The question catches me off guard. Would I? Could any explanation for this situation make any sense?

“Try me. ”

“Very well.” He puts the book back and returns to his desk. “What do you know of doors?”

“What?” The question throws me. That wasn’t what I expected him to say.

“Doors. Their purpose. Their function.”

“They … let people in and out of places. What kind of question is that?”

“A fundamental one.” He sits down. “Doors connect spaces. They allow passage between separate domains.”

“I know what doors do.”

“Do you? What if I told you that some doors connect more than rooms or buildings? What if some connect entirely different worlds?”

“That’s …” I was about to say impossible, but the look on his face stops me.

“Impossible? I’m beginning to think that's your favorite word.” The black of his eyes changes slightly, lightens, gleams. Is he laughing at me? “Yet here you stand, in a tower you entered through a door that shouldn’t exist, in a land you’ve never heard of.”
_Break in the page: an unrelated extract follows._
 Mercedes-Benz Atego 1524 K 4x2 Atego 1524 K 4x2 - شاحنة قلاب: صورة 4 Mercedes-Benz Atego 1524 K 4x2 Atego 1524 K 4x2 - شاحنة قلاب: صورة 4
When he puts it like that …

“Are you saying …” I struggle to form the thought. “That I’ve somehow … crossed into another world ?”
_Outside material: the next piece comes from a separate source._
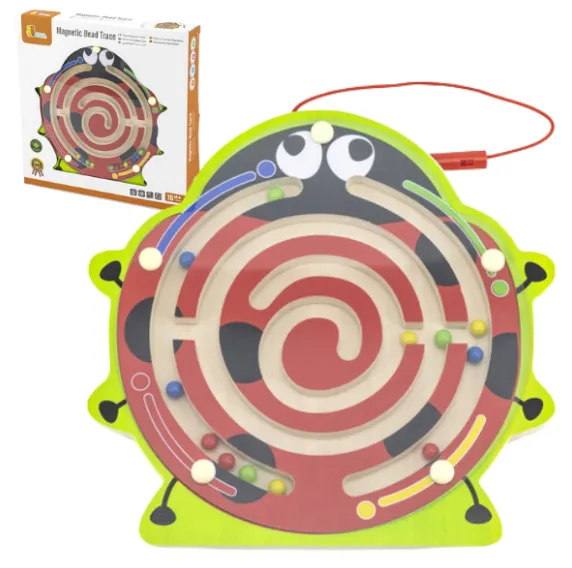 Labirint magnetic „Buburuza”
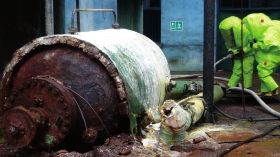 5月19日，中鹽湖南株洲化工集團(tuán)有限公司廠區(qū)，消防戰(zhàn)士穿著重型防化服對泄漏點(diǎn)及周圍進(jìn)行處置。圖/讀者高先生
“I’m saying it’s the only explanation that best fits your circumstances. You were in a place called Chicago. Now you’re here. The geography you know doesn’t exist in this realm. The simplest conclusion is that you have crossed between worlds.”

The words should sound insane. They should be the ravings of a madman. But something inside me recognizes them as true. It explains the inexplicable—how I could step from a rainy Chicago street into a desert in an instant.

“How?” My voice is barely more than a whisper. “How can that happen?”

“ That is a far more interesting question.” He flips open the book on his desk. “And one I don’t have an answer to yet.”

I don’t believe him. “You’re keeping something back.”